Data for review:
>>

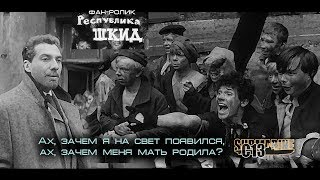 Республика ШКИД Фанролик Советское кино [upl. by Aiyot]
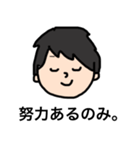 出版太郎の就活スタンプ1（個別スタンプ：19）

<<
>>

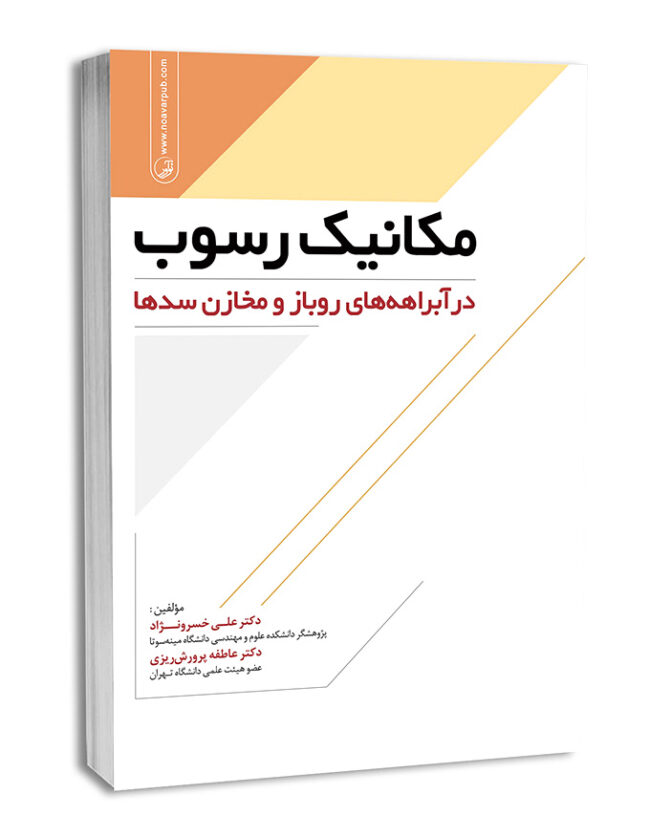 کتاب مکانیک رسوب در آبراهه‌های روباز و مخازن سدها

<<

Task brief: For this exercise, return exactly the lines above from the line with "Республика ШКИД Фанролик" through the line with "出版太郎の就活スタンプ1（個別スタンプ：19）", both included. Do not copy the pictures.

Exercise output:
 Республика ШКИД Фанролик Советское кино [upl. by Aiyot]
 出版太郎の就活スタンプ1（個別スタンプ：19）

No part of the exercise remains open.